WHAT YOU WILL DO:
Word for word, retype the lines from the one containing "This report can" to the one containing "To download the" below, keeping both end lines and dropping the pictures.
Top of RECORDS FOR THIS TASK
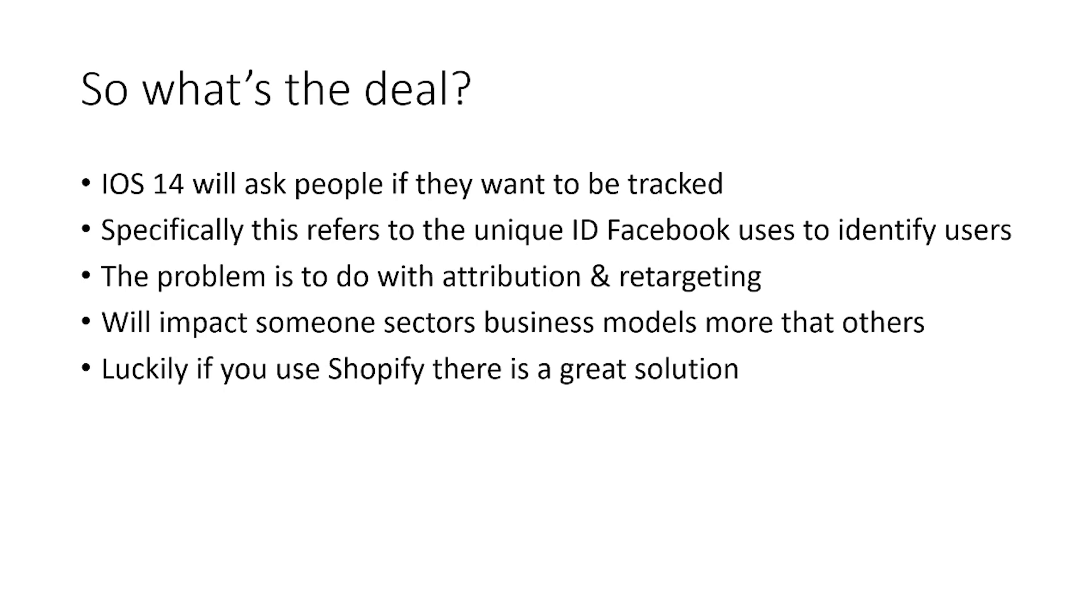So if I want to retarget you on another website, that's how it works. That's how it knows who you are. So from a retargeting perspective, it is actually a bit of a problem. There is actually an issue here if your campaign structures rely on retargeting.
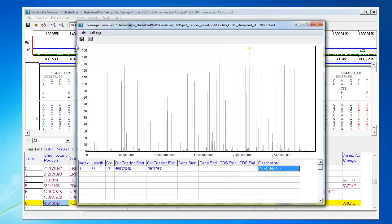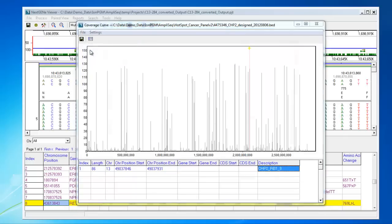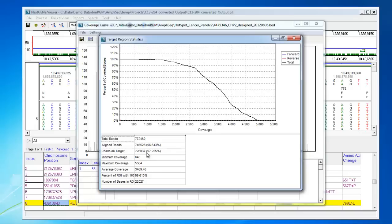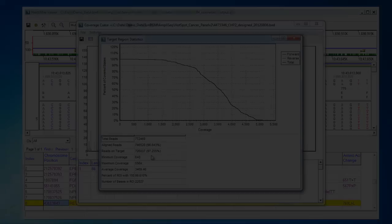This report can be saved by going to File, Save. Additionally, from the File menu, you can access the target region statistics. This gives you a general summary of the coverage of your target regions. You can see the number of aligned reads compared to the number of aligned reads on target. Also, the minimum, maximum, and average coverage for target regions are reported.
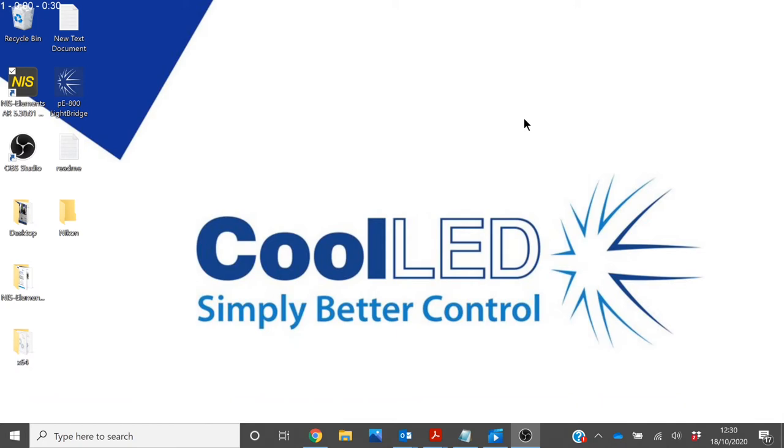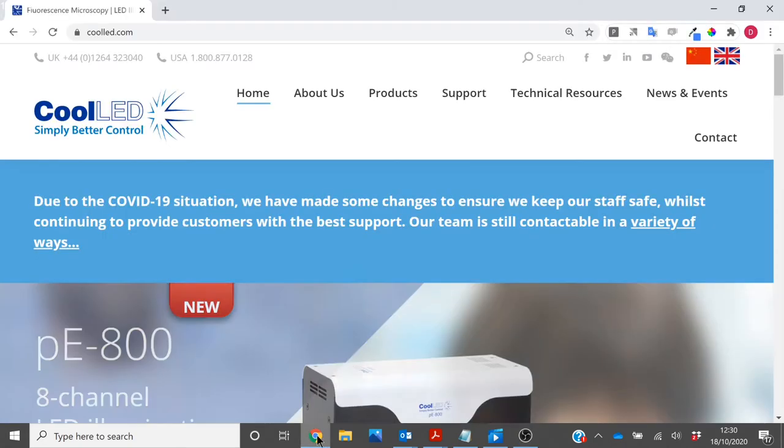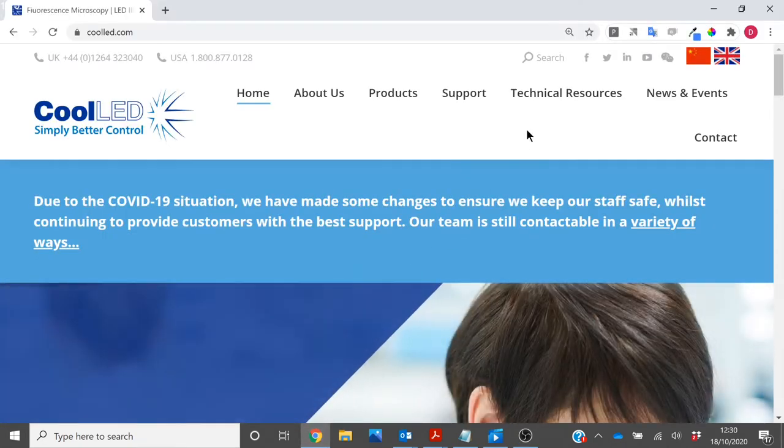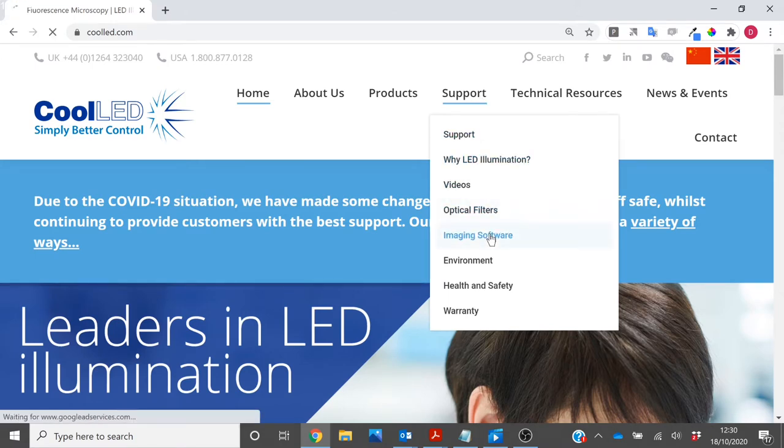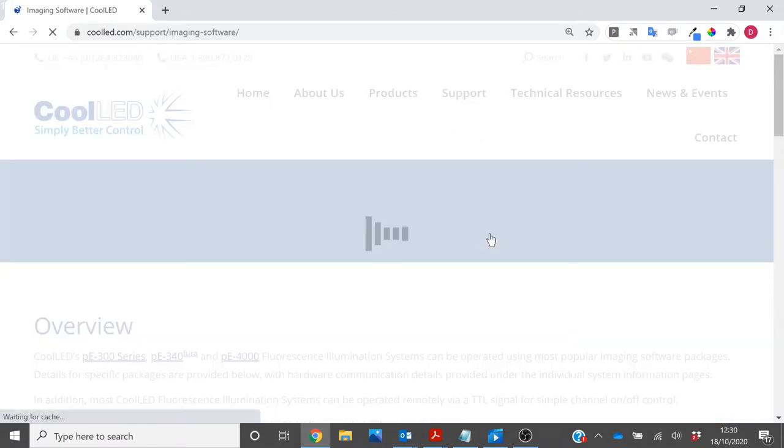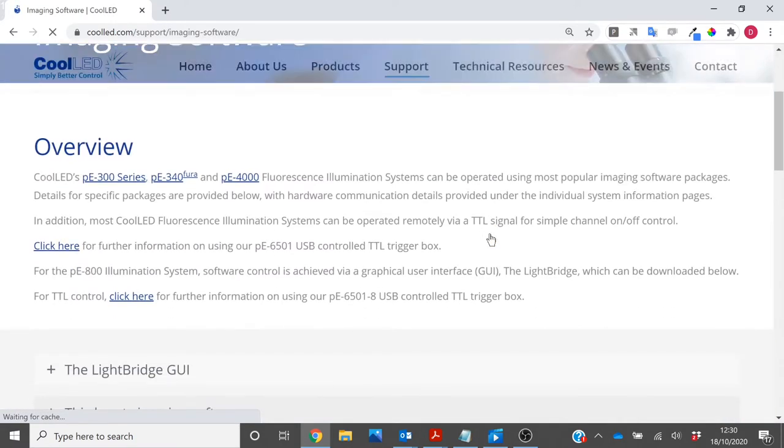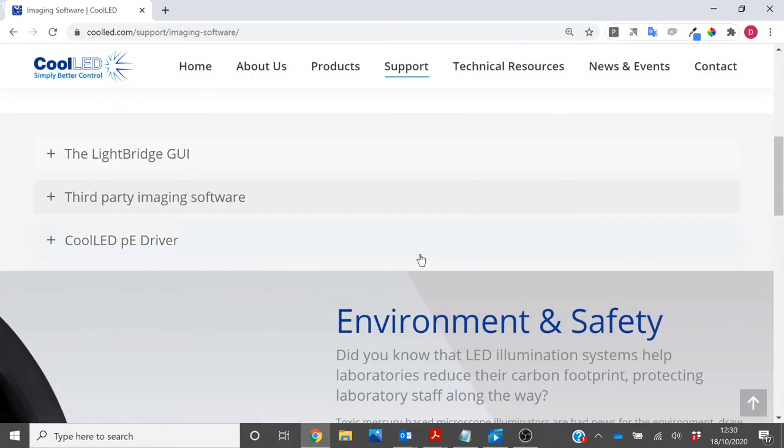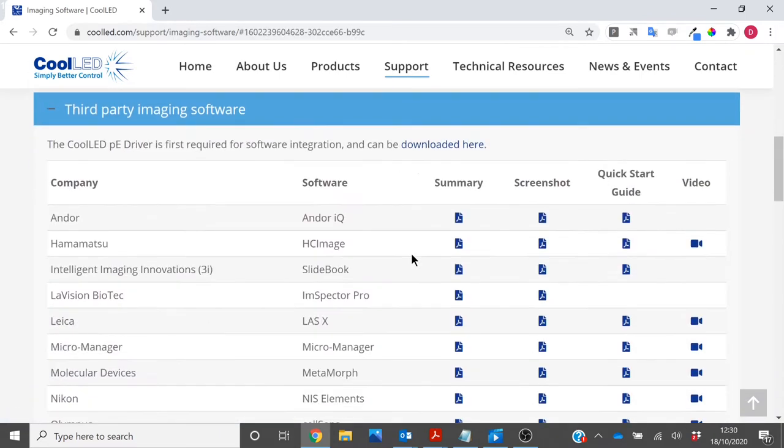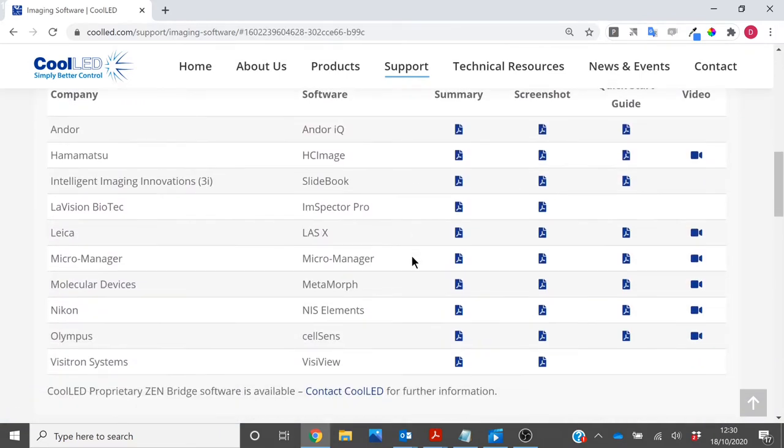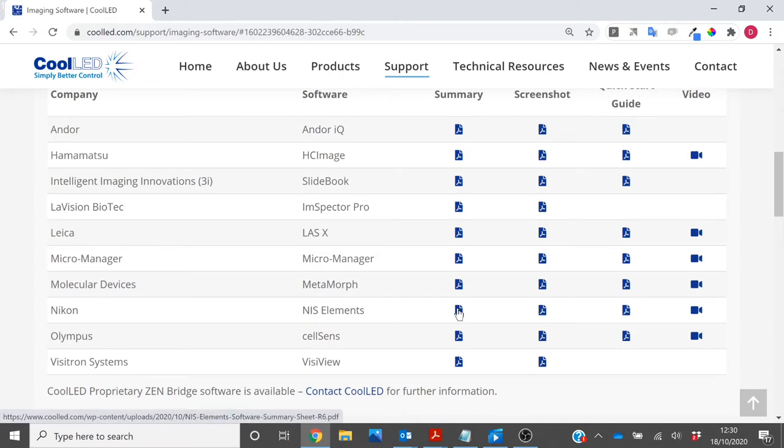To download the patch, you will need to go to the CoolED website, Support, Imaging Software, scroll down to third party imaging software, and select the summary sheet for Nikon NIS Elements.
Bottom of RECORDS FOR THIS TASK
Top of RECORDS FOR THIS TASK
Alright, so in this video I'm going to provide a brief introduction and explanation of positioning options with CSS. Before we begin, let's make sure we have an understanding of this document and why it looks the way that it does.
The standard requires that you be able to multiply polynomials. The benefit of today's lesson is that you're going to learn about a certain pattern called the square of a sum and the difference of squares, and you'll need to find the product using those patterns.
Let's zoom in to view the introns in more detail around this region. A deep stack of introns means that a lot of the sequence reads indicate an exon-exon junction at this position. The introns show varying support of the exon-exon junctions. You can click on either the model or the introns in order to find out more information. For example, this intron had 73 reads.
Bottom of RECORDS FOR THIS TASK
Top of RECORDS FOR THIS TASK
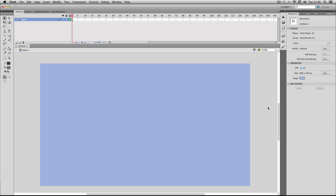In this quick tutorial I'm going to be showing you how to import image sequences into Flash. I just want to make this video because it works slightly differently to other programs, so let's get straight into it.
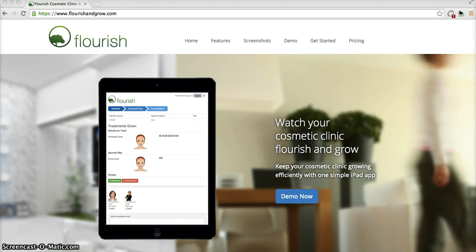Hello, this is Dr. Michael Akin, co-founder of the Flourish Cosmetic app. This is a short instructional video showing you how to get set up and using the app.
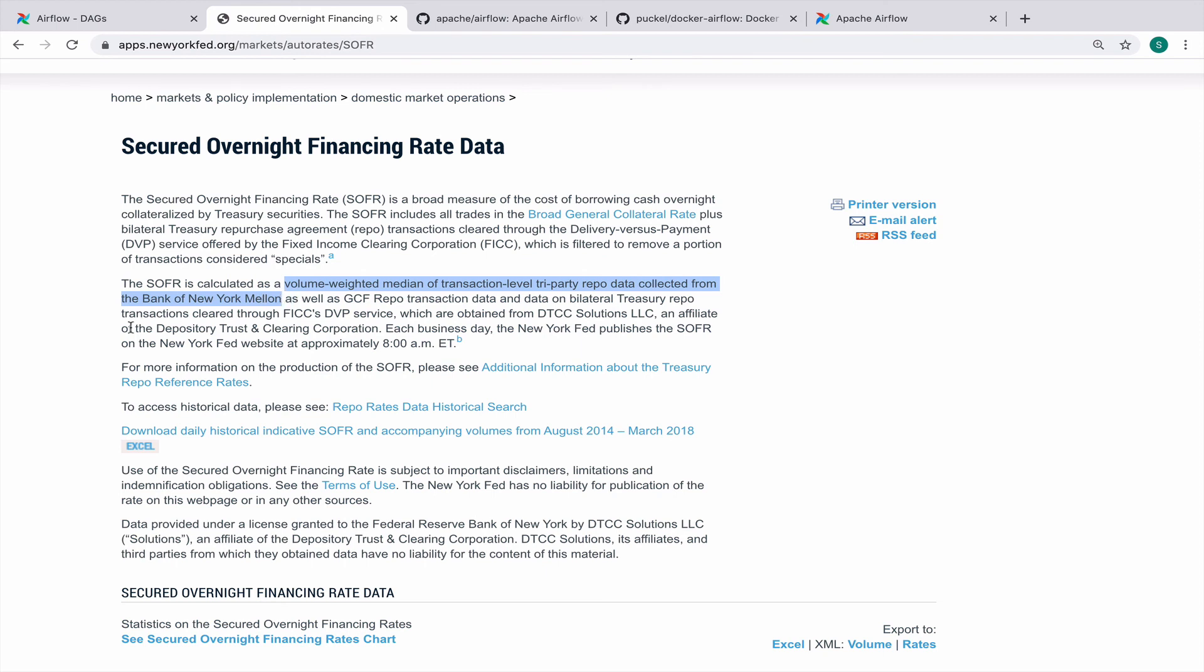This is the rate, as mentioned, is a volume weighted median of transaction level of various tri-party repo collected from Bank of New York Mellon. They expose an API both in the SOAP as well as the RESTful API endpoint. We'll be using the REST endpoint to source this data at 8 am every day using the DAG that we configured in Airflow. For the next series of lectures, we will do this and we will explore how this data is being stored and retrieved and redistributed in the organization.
Bottom of RECORDS FOR THIS TASK
EXERCISE OUTPUT:
This report can be saved by going to File, Save. Additionally, from the File menu, you can access the target region statistics. This gives you a general summary of the coverage of your target regions. You can see the number of aligned reads compared to the number of aligned reads on target. Also, the minimum, maximum, and average coverage for target regions are reported.
To download the patch, you will need to go to the CoolED website, Support, Imaging Software, scroll down to third party imaging software, and select the summary sheet for Nikon NIS Elements.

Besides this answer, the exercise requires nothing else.